If I have a header and then drop into an
ol
orul
without having a paragraph after the header, the first list item gets a deformed font.The text comes too close to the top of images (OK, I could fix that one).
I’d like anything that is hideously wrong in my current CSS replaced with something modern and good.
I got a couple of plausible offers and picked the first one decent-looking one that came in, which was from Matt Slack of Collective Idea. You see the eventual results. Lesson: The Fediverse is a plausible place to look to hire talent.
What happened · Matt set up a GitHub repo to work in. It took a half-dozen back-and-forths, but now ongoing works better on plenty of platforms and (this warms my heart) my pictures present themselves better.
It turned out that my Perl-from-2002-generated markup was broken in a couple of places and Matt was extremely gentle and polite in pointing out my shortcomings. Fixed now.
I asked Matt if he wanted to write a couple of paragraphs about what he did; here they are:
The first thing I did (after Daniel voluntold me to work on this, but before we’d actually contacted Tim) was open an inspector and see how far adding the viewport meta would get us. That normalized our font-sizes reasonably well. Next removing the second column made things feel very readable, and not run off the screen, which seemed like enough progress to make a boastful pitch off of.
Once I started working with the actual CSS in an editor the first order of business was fixing any syntax errors, and make sure it weren’t using a mix of tabs and spaces. Next I added some media queries to use a single column until the screen was side enough to support two. Additionally, I used grid layout to make our columns instead of absolute positioning. A few small spacing tweaks an that was enough to see how Tim felt.

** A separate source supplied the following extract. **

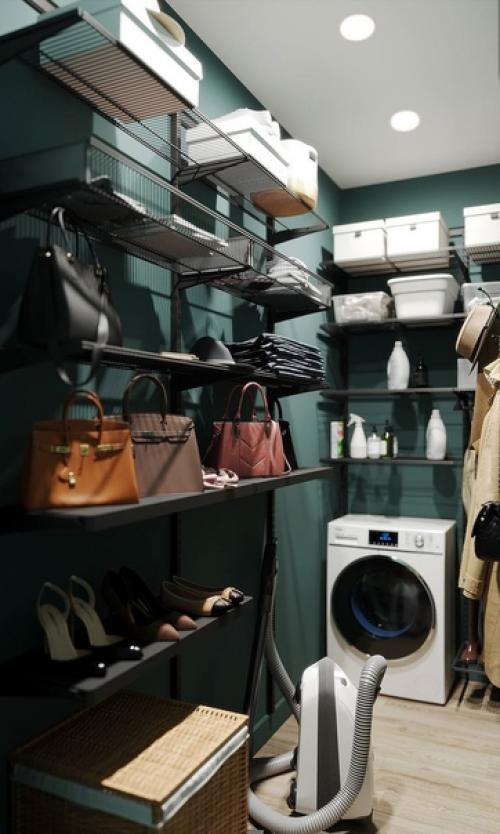 Яркий интерьер квартиры под сдачу. 07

The CSS originally did not use a lot of advanced features, and that’s cool. For the type of site it is, I really didn’t want to overcomplicate things. So in the first pass, other than using grid (which I spent so many years waiting for it’s hard to believe it’s been supported in all the major browsers for six years now) I didn’t add any new functionality.
In the second pass, I focused on how wide images were presented, which was a good opportunity to start using custom properties. I love custom properties in general, but I find them particularly useful for putting in long calc functions.
calc(((100vw / 2) + (var(--body-half-width) - (var(--side-col) + var(--grid-gap)))) - var(--gutter))
Gives you a lot better idea what’s going on than
calc(((100vw / 2) + 400px - (240px + 17px)) - 5vw)
The last major bit was figuring out the header. Once the screen was narrow the text overlapped with the search box and felt very crowded. We tied a few options, but eventually ended up making the text a lot smaller.
It was a nice quick project. If I were working on it longer I’m sure I’d find more to tweak and be more pedantic about, but I think it’s in a good spot for Tim to maintain for the next few years.
Thanks, Matt!
Lesson: Own your home · Since I first set up this joint in February 2002, it has reliably and consistently boosted my understanding of what’s going on, and, well, my life in general.
The lesson is that, for those of us who live online, having a simple static-site home on the range, on your own domain name, under your own control, has one of the highest returns on investment of anything you can do.